A man seasoning food in a pan. Today we break down some easy nutrition advice: making one home-cooked meal a week.

Every household should have one night a week dedicated to a home-cooked meal.

By Tanner Garrity

Where I live, Mondays are Salmon Mondays. I go to the fishmonger on the way home from work to pick up a pound of salmon, plus whatever else my girlfriend and I need for salad, sauces and sides (rice, shallots, lemons, cucumbers, etc.). Once in a while, these side quests morph into a wild goose chase, like The Dill Weed Incident. But I do my best.

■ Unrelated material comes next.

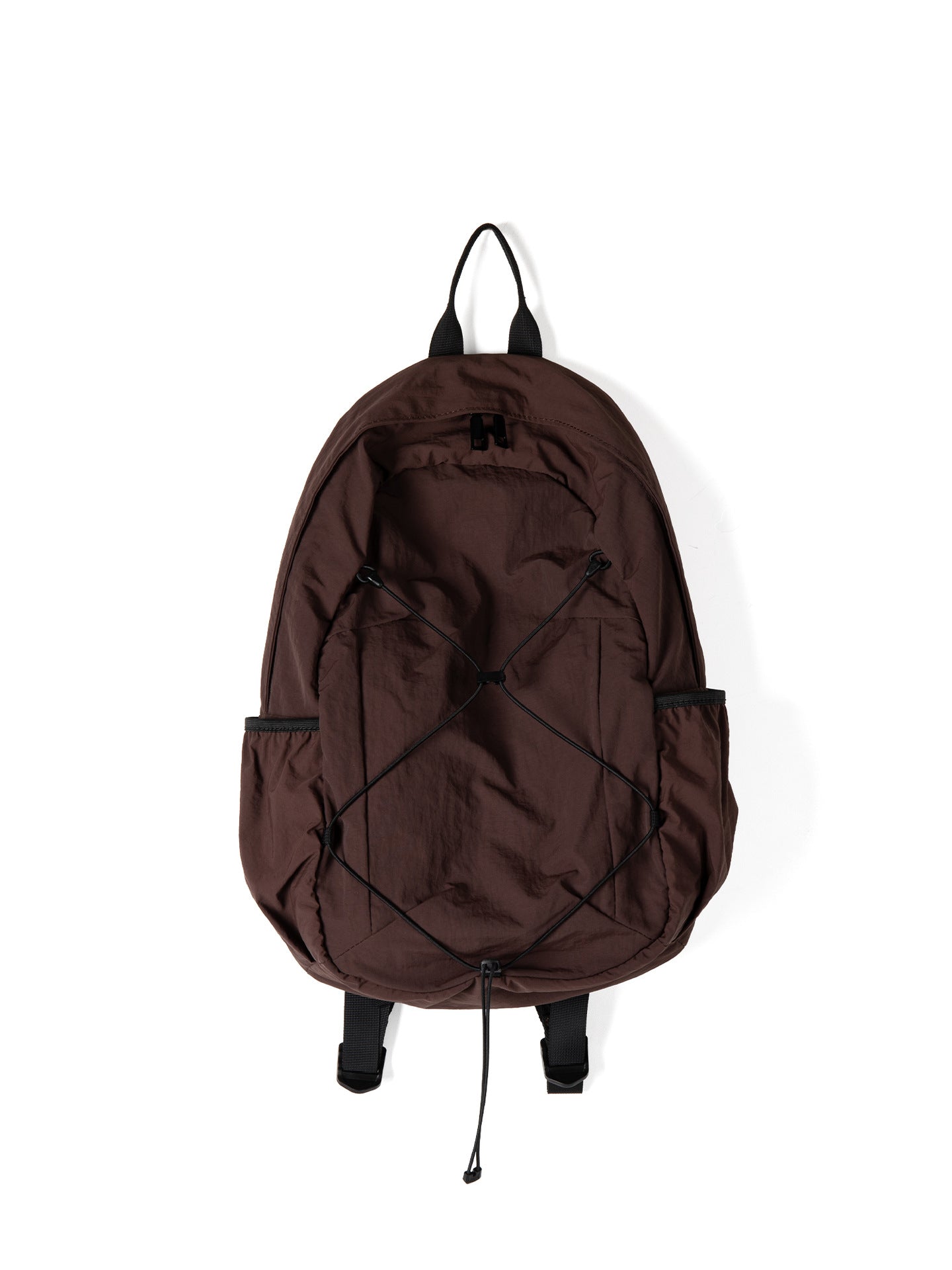 Korean Niche Design Large Capacity Commuter Female Backpacks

Typically, I’m home with the fish around 7 p.m., and we’re eating a half hour later. We’ve had Salmon Monday a dozen different ways, from miso-glazed to Tuscan-style to oven-marinated in maple butter and harissa paste, but otherwise the evening is remarkably consistent.

My girlfriend and I sit there, chatting about our days and chomping away in approval, complimenting each other on whatever contributions we’ve made (I cook the salmon and chop things, she does everything else). We eat until satisfied, then clean everything up and shut the kitchen down for the night. After that, we watch a show. That may sound like an unremarkable evening on its face, but this sort of home-cooked ritual can provide a litany of physical and mental health benefits.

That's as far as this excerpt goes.